TASK GOAL: The answer must consist only of the lines from the line with "Migros Yemek Siparişim" to the line with "Search for family crest tshirts Ancestry", both included, exactly as they stand below.
Top of DATA FOR THIS TASK
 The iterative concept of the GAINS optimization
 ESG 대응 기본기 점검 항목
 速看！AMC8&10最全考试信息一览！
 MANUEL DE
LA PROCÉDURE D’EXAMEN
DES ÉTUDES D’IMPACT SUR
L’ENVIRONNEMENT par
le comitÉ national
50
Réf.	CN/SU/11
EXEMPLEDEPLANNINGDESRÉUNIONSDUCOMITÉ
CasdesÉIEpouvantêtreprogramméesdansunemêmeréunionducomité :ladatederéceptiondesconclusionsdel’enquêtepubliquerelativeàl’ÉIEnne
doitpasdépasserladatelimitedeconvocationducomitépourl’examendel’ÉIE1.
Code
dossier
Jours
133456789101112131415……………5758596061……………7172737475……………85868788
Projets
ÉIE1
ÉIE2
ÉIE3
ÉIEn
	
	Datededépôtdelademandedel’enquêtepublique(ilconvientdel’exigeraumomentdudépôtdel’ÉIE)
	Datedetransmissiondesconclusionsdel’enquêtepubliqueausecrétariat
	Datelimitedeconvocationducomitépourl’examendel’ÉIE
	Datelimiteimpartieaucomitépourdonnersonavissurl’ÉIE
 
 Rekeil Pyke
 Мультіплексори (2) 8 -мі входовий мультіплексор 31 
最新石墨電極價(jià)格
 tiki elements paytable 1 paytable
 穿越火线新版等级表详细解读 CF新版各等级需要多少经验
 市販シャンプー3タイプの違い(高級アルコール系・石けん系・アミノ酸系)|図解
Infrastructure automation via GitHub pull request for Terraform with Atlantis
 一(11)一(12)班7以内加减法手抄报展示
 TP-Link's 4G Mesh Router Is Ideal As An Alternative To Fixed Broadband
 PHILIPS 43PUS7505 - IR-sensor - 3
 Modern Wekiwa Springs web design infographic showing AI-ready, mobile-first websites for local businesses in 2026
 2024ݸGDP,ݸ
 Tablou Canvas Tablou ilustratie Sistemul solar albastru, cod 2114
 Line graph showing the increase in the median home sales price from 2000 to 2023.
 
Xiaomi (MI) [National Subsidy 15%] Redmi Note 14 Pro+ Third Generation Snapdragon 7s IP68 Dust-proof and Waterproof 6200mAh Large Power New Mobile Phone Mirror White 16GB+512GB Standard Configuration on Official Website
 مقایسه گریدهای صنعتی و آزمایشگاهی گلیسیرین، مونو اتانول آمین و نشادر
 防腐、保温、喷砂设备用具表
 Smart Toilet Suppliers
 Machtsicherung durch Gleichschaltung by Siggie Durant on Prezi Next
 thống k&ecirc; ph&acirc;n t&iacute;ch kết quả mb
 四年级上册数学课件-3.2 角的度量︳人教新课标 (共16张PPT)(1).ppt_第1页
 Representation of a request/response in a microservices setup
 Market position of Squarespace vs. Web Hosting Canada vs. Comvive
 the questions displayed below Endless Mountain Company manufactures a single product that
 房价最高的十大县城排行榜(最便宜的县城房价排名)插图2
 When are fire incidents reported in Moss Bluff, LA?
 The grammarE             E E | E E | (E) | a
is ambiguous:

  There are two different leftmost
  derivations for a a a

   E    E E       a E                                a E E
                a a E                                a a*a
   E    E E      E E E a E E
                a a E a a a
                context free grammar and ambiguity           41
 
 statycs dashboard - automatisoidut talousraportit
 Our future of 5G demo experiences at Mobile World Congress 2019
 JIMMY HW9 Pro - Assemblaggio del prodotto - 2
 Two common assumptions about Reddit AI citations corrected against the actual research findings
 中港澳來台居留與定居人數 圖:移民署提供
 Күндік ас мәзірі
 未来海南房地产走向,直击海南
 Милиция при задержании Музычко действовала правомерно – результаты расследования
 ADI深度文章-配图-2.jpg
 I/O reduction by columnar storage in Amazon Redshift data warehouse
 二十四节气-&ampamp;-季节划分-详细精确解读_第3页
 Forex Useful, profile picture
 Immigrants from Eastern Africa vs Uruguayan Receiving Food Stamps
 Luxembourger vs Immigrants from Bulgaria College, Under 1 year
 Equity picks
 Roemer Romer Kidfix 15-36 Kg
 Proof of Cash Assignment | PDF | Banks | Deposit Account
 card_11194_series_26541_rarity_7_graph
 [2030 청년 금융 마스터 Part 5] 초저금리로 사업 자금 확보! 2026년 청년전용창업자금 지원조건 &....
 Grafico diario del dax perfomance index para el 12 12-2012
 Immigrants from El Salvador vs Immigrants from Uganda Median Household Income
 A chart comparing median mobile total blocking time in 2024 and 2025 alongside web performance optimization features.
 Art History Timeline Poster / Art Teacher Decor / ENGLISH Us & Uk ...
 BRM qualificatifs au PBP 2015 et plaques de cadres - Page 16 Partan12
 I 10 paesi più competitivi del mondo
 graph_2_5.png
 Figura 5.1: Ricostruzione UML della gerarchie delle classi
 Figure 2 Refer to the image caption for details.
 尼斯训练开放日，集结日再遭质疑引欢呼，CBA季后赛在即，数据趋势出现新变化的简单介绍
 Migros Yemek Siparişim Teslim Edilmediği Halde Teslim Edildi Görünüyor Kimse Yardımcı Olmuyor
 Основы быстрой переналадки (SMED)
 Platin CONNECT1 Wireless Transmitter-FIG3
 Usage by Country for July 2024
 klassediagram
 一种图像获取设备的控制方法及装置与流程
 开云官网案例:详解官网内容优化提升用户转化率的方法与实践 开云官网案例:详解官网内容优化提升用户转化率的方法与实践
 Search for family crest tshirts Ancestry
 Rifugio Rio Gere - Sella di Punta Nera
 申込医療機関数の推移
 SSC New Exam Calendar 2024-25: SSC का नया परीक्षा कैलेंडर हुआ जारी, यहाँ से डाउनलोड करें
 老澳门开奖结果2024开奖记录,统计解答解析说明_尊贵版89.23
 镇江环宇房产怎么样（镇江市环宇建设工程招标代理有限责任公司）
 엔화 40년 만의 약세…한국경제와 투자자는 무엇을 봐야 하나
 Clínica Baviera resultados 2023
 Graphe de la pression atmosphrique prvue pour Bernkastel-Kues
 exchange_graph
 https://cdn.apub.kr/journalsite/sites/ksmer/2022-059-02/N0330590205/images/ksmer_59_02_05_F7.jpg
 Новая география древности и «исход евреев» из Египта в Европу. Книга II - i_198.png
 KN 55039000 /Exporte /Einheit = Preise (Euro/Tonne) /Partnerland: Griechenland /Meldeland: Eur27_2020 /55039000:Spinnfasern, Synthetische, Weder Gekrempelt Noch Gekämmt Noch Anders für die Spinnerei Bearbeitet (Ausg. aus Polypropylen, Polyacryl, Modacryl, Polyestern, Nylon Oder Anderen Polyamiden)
Bottom of DATA FOR THIS TASK
EXPECTED ANSWER:
 Migros Yemek Siparişim Teslim Edilmediği Halde Teslim Edildi Görünüyor Kimse Yardımcı Olmuyor
 Основы быстрой переналадки (SMED)
 Platin CONNECT1 Wireless Transmitter-FIG3
 Usage by Country for July 2024
 klassediagram
 一种图像获取设备的控制方法及装置与流程
 开云官网案例:详解官网内容优化提升用户转化率的方法与实践 开云官网案例:详解官网内容优化提升用户转化率的方法与实践
 Search for family crest tshirts Ancestry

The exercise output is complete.